- Will der Staat jetzt an unsere Altersvorsorge?
Lebensversicherungen sind das wichtigste Standbein privater Altersvorsorge – doch seit langem sinken die Erträge. Ein von der Bundesregierung geplantes Gesetz sieht vor, dass die Versicherten noch mehr abgeben sollen. Dagegen regt sich nun Widerstand. Was geschieht da gerade?

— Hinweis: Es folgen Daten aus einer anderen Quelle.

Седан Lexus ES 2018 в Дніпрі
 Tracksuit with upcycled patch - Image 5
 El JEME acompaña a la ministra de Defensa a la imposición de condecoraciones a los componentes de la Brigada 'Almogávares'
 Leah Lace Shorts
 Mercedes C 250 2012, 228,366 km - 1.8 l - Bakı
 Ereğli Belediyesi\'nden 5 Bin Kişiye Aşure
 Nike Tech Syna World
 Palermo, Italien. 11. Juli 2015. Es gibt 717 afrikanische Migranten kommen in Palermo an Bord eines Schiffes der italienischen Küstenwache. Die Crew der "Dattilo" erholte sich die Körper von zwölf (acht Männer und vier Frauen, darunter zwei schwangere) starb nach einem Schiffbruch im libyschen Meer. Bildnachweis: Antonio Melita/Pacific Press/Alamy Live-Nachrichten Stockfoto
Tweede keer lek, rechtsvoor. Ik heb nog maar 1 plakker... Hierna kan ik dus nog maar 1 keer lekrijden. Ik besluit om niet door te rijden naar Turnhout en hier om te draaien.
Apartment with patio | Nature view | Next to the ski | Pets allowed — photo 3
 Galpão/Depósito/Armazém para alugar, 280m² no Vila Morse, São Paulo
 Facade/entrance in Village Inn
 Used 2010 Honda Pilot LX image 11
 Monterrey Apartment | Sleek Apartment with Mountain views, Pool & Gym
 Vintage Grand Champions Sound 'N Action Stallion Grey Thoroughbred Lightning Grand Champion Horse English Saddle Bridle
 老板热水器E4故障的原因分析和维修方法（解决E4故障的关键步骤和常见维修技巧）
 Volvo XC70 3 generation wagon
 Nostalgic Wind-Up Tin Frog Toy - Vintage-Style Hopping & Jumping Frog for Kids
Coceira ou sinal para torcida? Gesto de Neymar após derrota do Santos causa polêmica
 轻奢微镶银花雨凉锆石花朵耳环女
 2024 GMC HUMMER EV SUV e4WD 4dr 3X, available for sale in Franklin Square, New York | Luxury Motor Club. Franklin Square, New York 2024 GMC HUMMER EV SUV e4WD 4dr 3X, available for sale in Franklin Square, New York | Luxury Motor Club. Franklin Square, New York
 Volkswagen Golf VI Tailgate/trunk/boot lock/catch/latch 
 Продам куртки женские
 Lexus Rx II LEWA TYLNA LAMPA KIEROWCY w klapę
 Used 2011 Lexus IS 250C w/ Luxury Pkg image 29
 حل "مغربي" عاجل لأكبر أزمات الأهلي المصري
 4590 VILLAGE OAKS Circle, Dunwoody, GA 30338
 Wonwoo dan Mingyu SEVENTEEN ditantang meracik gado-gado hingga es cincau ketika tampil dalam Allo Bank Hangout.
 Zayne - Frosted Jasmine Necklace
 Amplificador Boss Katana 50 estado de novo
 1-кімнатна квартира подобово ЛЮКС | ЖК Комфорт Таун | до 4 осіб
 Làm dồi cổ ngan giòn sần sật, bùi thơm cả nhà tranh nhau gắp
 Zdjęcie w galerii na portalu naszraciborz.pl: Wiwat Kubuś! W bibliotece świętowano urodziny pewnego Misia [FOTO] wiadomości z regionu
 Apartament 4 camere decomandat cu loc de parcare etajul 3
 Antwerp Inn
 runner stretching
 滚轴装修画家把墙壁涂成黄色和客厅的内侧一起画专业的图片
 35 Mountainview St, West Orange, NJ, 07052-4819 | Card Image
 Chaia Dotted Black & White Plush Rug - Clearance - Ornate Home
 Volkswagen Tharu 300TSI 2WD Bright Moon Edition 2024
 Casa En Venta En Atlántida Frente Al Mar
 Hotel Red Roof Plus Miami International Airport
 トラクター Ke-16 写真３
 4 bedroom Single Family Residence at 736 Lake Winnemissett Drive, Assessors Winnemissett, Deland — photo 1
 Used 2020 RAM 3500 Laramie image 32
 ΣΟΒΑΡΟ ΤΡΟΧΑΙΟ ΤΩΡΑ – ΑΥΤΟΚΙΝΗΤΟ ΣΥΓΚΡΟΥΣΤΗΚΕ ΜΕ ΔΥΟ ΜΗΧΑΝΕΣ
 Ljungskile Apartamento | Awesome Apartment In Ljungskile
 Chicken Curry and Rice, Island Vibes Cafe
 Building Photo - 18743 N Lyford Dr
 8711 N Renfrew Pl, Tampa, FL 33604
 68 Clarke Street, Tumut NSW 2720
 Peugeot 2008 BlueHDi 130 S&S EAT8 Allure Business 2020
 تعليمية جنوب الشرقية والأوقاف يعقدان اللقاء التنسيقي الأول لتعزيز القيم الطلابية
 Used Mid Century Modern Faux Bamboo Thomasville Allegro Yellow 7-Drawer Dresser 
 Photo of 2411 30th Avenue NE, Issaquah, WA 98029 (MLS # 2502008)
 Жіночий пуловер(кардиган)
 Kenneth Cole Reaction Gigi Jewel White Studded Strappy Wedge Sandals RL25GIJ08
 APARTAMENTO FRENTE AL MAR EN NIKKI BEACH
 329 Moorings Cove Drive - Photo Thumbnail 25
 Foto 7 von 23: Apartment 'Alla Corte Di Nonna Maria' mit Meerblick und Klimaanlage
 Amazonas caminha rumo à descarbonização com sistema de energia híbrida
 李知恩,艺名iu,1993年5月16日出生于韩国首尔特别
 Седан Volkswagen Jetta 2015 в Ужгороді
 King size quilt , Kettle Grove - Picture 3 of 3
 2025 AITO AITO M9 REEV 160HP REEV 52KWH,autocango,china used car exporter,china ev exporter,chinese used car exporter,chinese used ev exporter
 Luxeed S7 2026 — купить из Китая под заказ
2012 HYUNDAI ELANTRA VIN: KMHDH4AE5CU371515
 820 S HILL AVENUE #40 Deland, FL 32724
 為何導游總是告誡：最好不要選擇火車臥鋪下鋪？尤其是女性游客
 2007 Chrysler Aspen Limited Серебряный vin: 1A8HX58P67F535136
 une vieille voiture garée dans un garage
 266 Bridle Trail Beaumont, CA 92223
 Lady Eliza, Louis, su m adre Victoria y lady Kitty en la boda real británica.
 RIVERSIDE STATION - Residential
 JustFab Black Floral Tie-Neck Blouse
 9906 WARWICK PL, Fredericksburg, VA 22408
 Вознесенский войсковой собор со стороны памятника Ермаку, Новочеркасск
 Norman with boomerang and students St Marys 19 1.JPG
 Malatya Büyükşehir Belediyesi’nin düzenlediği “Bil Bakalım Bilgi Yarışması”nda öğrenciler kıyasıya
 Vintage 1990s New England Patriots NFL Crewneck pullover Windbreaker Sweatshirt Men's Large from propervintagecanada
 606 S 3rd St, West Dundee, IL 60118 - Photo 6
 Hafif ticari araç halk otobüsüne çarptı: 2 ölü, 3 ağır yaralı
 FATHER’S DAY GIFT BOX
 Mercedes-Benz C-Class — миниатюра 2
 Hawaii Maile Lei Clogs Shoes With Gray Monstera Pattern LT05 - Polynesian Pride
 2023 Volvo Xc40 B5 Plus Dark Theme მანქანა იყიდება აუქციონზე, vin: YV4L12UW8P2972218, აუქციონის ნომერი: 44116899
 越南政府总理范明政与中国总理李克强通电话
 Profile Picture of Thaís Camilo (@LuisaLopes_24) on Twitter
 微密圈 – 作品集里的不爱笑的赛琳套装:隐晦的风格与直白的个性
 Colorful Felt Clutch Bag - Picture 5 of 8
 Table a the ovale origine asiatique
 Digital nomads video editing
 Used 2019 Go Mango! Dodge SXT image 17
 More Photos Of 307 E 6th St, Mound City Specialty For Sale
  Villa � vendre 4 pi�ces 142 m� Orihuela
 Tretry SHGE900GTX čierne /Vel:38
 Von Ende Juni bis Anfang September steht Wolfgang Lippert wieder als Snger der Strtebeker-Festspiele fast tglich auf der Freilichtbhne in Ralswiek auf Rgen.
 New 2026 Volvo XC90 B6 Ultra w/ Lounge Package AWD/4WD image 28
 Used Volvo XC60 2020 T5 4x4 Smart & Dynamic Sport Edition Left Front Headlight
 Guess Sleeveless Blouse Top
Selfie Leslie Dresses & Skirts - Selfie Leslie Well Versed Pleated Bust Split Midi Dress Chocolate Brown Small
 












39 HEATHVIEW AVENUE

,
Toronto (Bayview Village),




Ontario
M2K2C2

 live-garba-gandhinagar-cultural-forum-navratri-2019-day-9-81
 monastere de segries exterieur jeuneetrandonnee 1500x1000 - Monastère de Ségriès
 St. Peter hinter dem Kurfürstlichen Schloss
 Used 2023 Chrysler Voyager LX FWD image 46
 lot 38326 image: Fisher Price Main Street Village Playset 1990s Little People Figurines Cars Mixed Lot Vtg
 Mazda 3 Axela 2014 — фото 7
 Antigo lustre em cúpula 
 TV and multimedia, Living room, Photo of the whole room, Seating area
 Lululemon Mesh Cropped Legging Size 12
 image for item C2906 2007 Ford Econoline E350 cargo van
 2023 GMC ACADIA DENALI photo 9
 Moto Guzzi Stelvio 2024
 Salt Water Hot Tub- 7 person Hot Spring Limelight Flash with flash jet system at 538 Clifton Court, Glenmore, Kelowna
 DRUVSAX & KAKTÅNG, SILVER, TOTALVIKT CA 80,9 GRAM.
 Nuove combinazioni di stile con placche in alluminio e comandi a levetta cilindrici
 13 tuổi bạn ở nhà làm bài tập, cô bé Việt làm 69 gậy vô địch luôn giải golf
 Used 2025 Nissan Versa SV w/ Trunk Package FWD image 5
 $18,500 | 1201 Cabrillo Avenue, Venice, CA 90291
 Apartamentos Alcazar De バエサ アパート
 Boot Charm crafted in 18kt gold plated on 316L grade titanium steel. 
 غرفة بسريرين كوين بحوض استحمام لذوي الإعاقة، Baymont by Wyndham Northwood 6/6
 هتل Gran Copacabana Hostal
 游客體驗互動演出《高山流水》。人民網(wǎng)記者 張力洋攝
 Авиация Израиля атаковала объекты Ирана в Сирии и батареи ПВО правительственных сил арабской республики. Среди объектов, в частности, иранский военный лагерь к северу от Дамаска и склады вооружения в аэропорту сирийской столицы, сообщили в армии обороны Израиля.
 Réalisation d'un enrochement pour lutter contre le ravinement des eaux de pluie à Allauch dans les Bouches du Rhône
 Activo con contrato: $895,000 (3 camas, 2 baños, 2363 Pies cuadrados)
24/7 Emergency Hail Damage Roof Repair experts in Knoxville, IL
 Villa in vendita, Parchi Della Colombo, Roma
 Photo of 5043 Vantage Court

Wahrscheinlich ist Michael Schreiber schuld. Mitte November erfuhr der Notar und stellvertretende Vorsitzende des CDU-Kreisverbandes Ludwigsburg aus der Zeitung, dass die Regierungskoalition im Bundestag kurz zuvor im Eilverfahren eine einschneidende Kürzung der Auszahlungen an die Inhaber von Lebensversicherungen beschlossen hatte. Demnach sollten die Versicherten für auslaufende Verträge vorerst nicht mehr an den Kursgewinnen auf die Wertpapiere beteiligt werden, welche die Versicherer mit dem Geld ihrer Kunden erworben haben. Mit diesen sogenannten Bewertungsreserven, so hatte Bundesfinanzminister Wolfgang Schäuble argumentiert, sollten die Versicherungsunternehmen gestärkt werden, damit sie auch in Zukunft über genügend Reserven verfügen, um allen Kunden ihre garantierten Leistungen auszahlen zu können.
„Aber das war mir nicht verständlich“, sagt Schreiber. „Die Versicherungsgesellschaften melden Rekordgewinne, aber die Ansprüche der Versicherten sollen gekürzt werden“, das passe nicht zusammen. Darum beantragte er beim Bundesparteitag der CDU Ende November, die Regierung möge diese Kürzung zurücknehmen – und fand dafür so breite Unterstützung, dass sein Antrag gegen den Willen der Parteiführung eine Mehrheit fand. So fiel die CDU-Basis ihrer eigenen Regierung in den gesetzgebenden Arm. Prompt lehnten daraufhin auch die Vertreter CDU-regierter Länder Mitte Dezember gemeinsam mit den SPD-geführten Landesregierungen im Bundesrat die Neuregelung ab und forderten, „auch die Unternehmen“ sollten „einen Beitrag leisten“. Nun soll der Vermittlungsausschuss am kommenden Dienstag einen Kompromiss ausloten.
Wie sicher sind die Lebensversicherungen?
Das Thema ist gerade im Wahljahr heiß. Mit fast 90 Millionen Verträgen sind Lebensversicherungen das wichtigste Instrument der privaten Altersvorsorge in Deutschland. Mehr als 750 Milliarden Euro haben die Bürger bei den Versicherungen auf die hohe Kante gelegt. Doch die Erträge daraus werden seit vielen Jahren immer kleiner. Ursache dafür sind die stetig gesunkenen Zinsen auf Anleihen von Staaten und Unternehmen, in denen fast 90 Prozent der Versichertengelder angelegt werden.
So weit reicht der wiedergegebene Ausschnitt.